▸ Problem details
Among the entries below, copy only the span from the line containing "Черный БМВ X7, объемом" through the line containing "TSB Sunny Victory". Do so exactly, and skip the pictures.

§ §

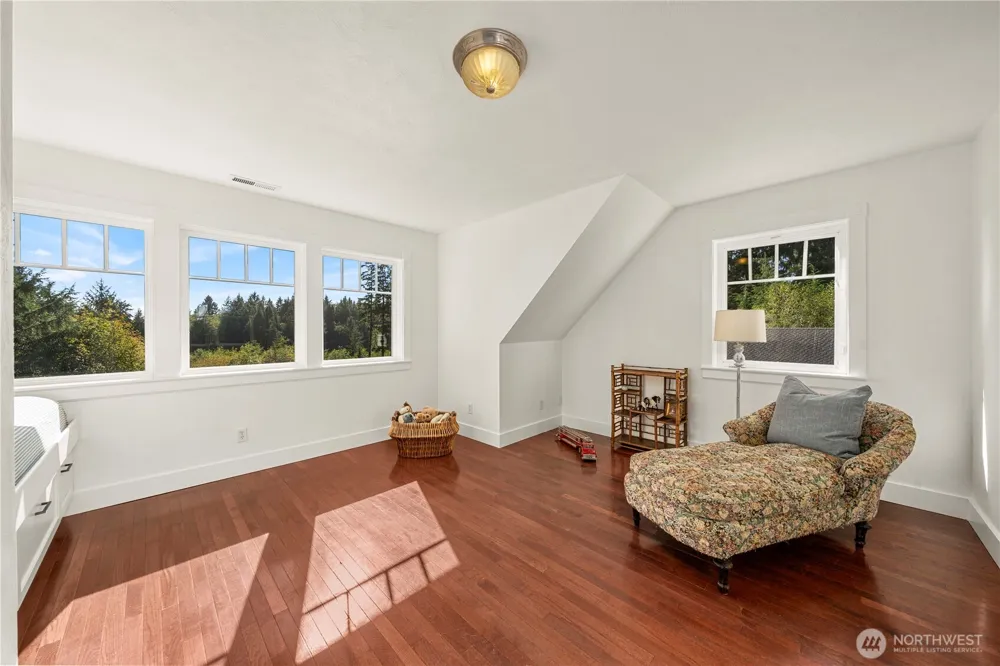 24 Broadway Hill Road Hoquiam, WA 98550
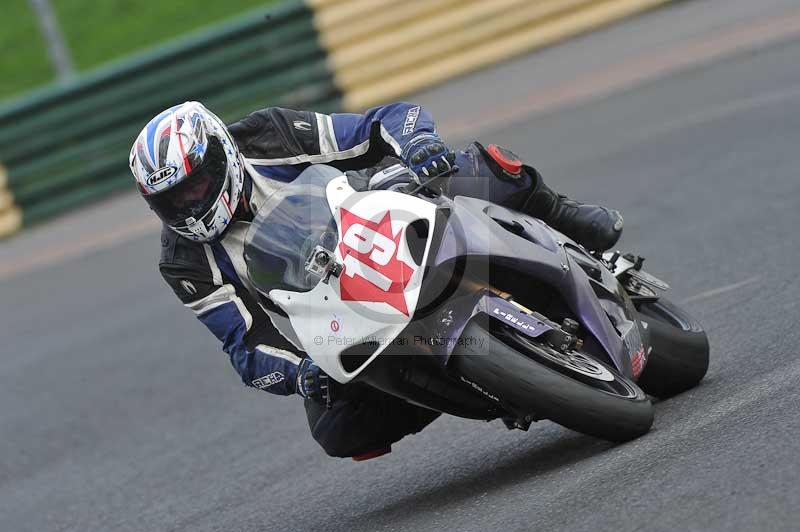 Motorcycle action photographs;cadwell;cadwell park photographs;event digital images;eventdigitalimages;motor racing louth lincolnshire;no limits trackdays;peter wileman photography;trackday;trackday digital images;trackday photos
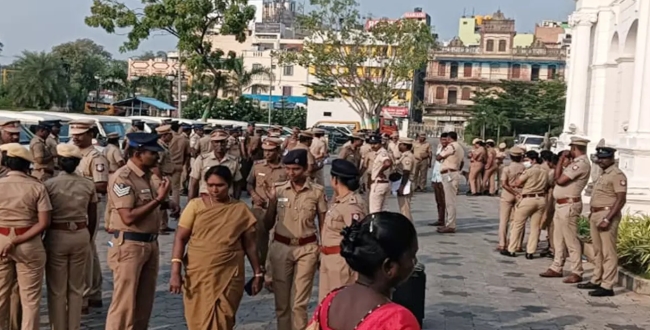 
	சென்னை தூய்மை பணியாளர்களின் 100வது நாள் போராட்டம்... போலீஸ் குவிப்பு! - Seithipunal
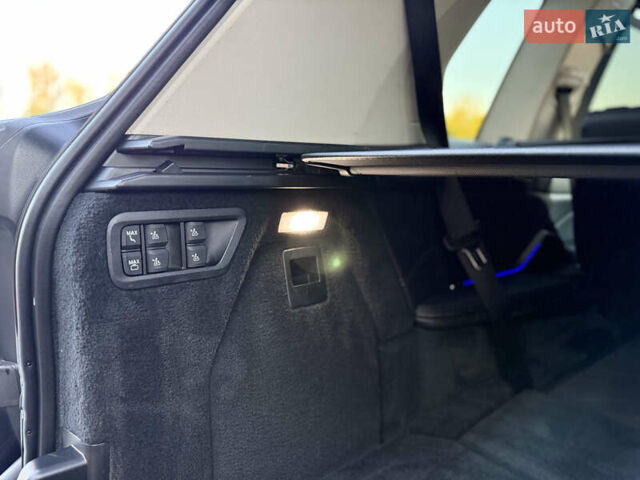 Черный БМВ X7, объемом двигателя 3 л и пробегом 195 тыс. км за 53300 $, фото 60 на Automoto.ua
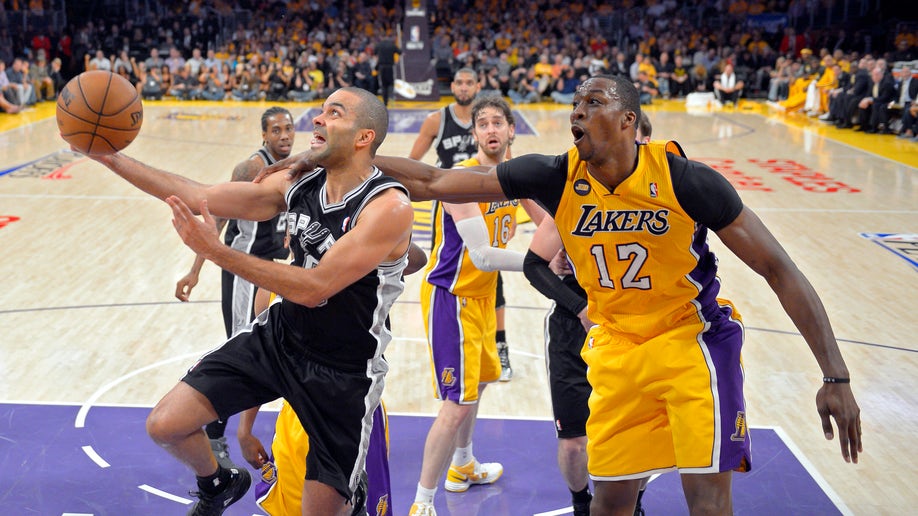 eca01e2a-Spurs Lakers Basketball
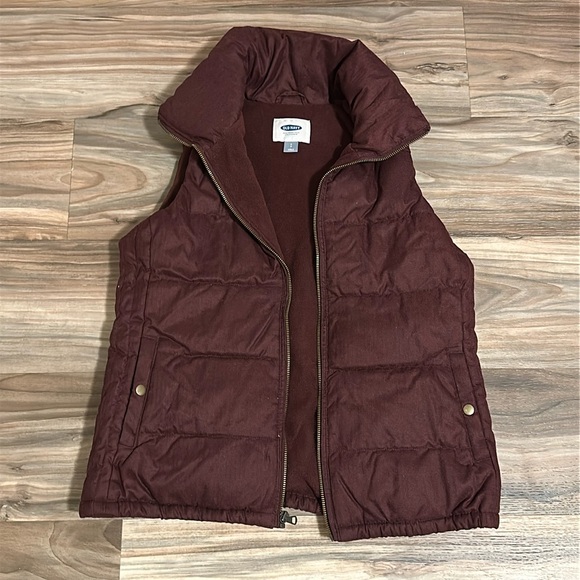 Old Navy women’s twill fleece-lined burgundy puffer vest in size small - Picture 1 of 4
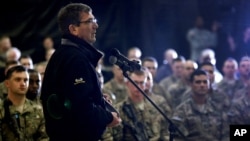 Bộ trưởng Quốc phòng Ashton Carter gặp gỡ các binh sĩ Mỹ tại Afghanistan, ngày 22/2/2015. 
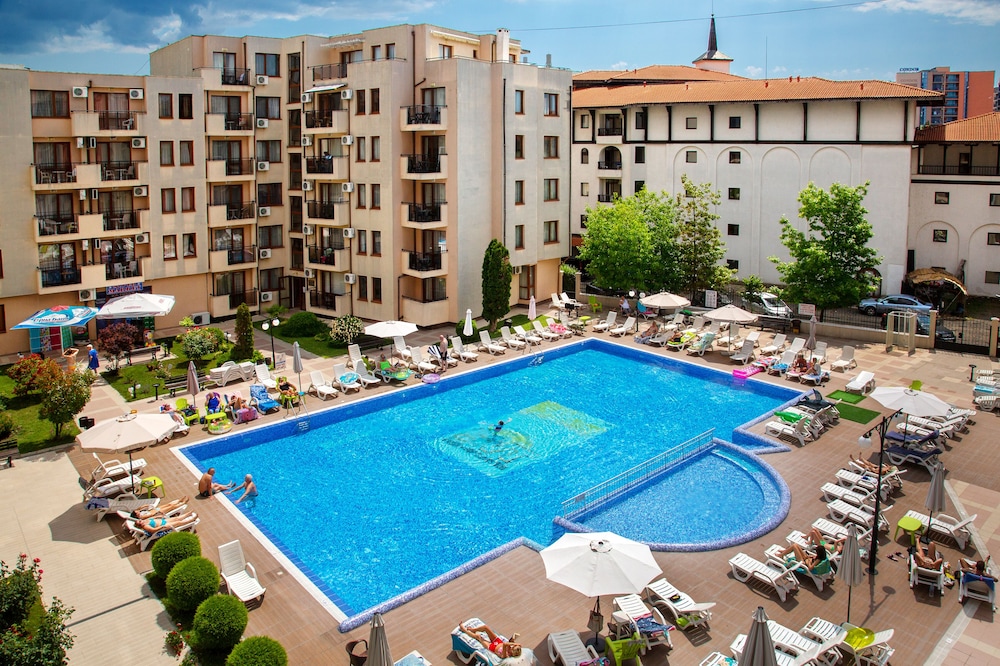 TSB Sunny Victory Apartments — Main photo in Sunny Beach, Burgas Region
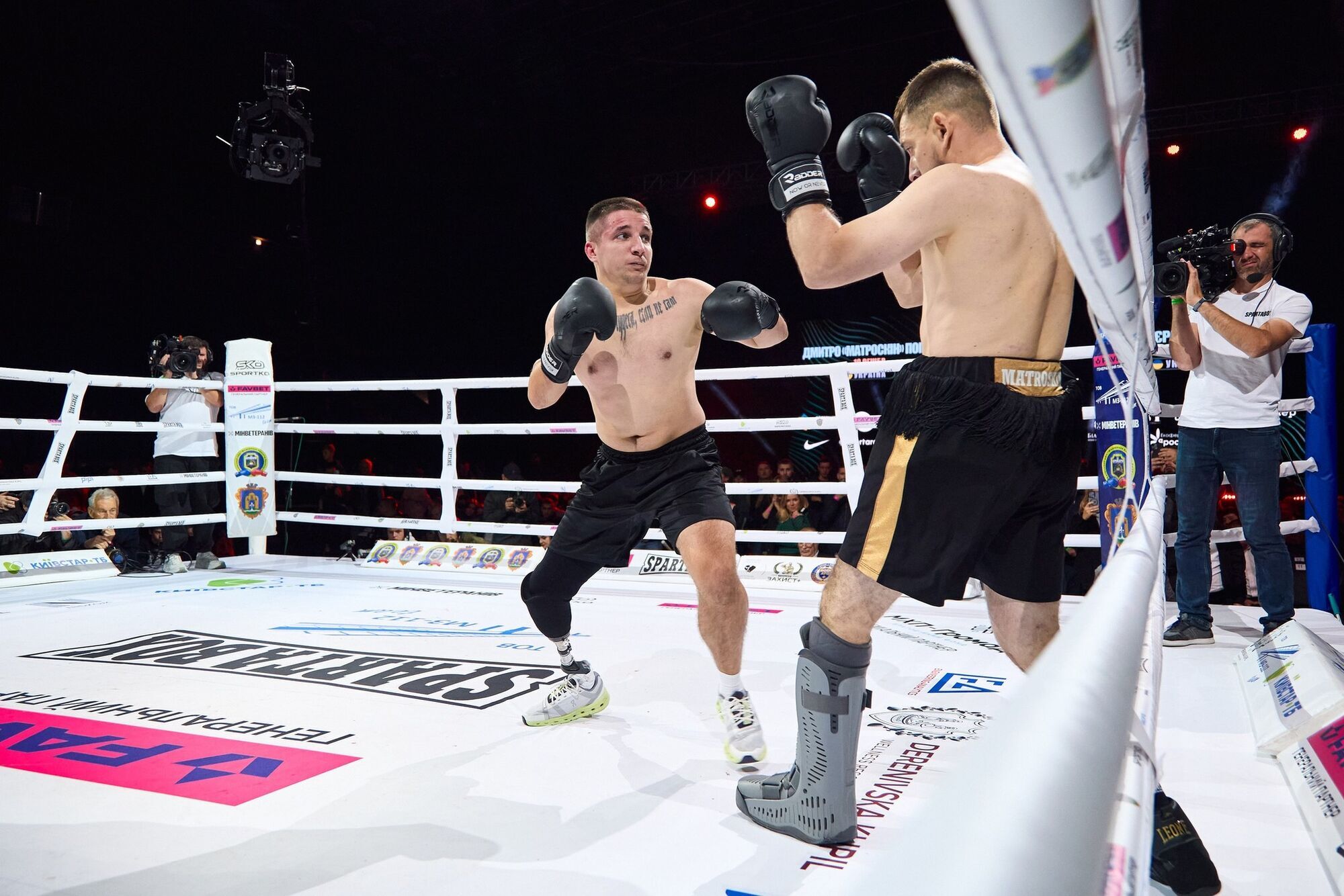 "Треную ветерана з інвалідністю безкоштовно?" Голова відомої промоутерської компанії розповів про допомогу пораненим військовим та унікальну лігу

§ §

▸ Finished task
 Черный БМВ X7, объемом двигателя 3 л и пробегом 195 тыс. км за 53300 $, фото 60 на Automoto.ua
 eca01e2a-Spurs Lakers Basketball
 Old Navy women’s twill fleece-lined burgundy puffer vest in size small - Picture 1 of 4
 Bộ trưởng Quốc phòng Ashton Carter gặp gỡ các binh sĩ Mỹ tại Afghanistan, ngày 22/2/2015. 
 TSB Sunny Victory Apartments — Main photo in Sunny Beach, Burgas Region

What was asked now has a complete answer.